Sage Theatre explores Soliciting Temptation

By Gurman Sahota, February 14 2017 —

With a tagline boasting “provocative temptation” and “dangerous conversation,” Soliciting Temptation grabs the audience’s attention from the very beginning. The play follows a man and a woman who meet in a hotel room to have sex, but things take a dark turn. Soliciting Temptation will take place at the Pumphouse Theatre from Feb. 23 – Mar. 4.

Matthew Overall plays the unnamed man. He says that the play is also about the truth of a person.

“[Truth] was something I had to really grapple with when I look at my character and certain automatic responses at the kind of things he does, which are pretty common western responses,” Overall says. “I had to look behind them to find this human being that I am playing, as opposed to this stereotype that I may have about him.”

Sage Theatre produced the piece. The company focuses on telling stories that explore what it means to be human.

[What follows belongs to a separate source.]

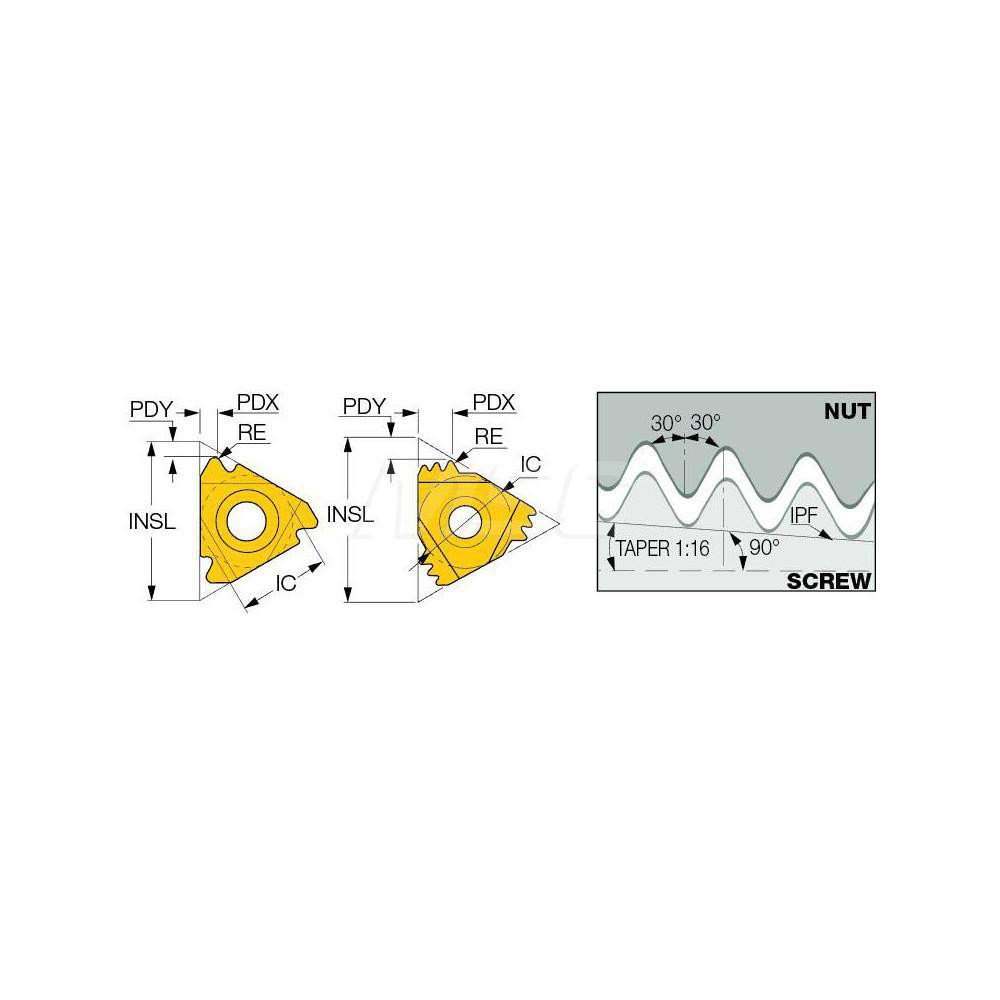 Iscar - Laydown Threading Insert: 16ER 8 API RD IC908, Carbide | MSC Direct
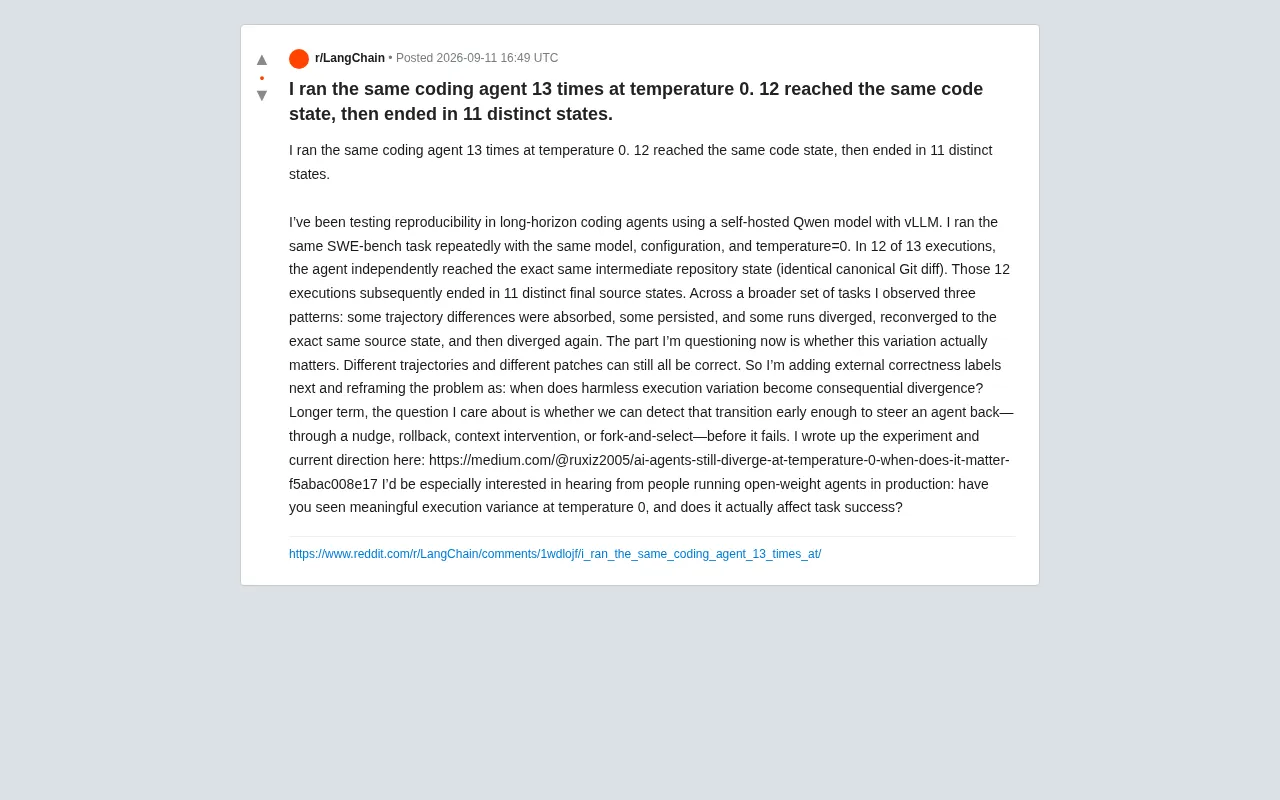 Temperature=0 Still Can't Guarantee Reproducibility: The Hidden Divergence Problem in AI Coding Agents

Director’s Jason Mehmel says he chose the show because it challenges his own privilege and authority. Mehmel says Soliciting Temptation explores heavy themes without necessarily providing a clear answer about what is morally right. However, presenting sensitive themes comes with certain difficulties.

“We’ve had challenges where we set the play to make sure we’re following something that is both accurate to the text and what the story requires as well as trying to be as representational as we can of the actual team that we have,” Mehmel says. “We’re trying to be as authentic as we can.”

Patricia Cerra — who plays the unnamed girl — says her character explores a different kind of intimacy in the play.

“It’s finding those barriers and lines of the character and exploring intimacy in a sort of complicated and flawed kind of way,” Cerra says. “And seeing how far we can take things on either end of the spectrum and where that lives.”

Mehmel says there are forms of theatre that intend to educate the audience, but Soliciting Temptation is not one of them. Instead, its focus lies in expressing tension without giving explicit points or reasoning.

Mehmel hopes the audience gives thought to both the piece and the topic of sexual tourism.

“If we do our jobs right, we’re going to be causing conversations in the parking lot and questions afterwards,” Mehmel says. “We may cause reactions and ultimately [hope] that they react and respond to the work.”

Soliciting Temptation will play from Feb. 23 – Mar. 4. Tickets are available online.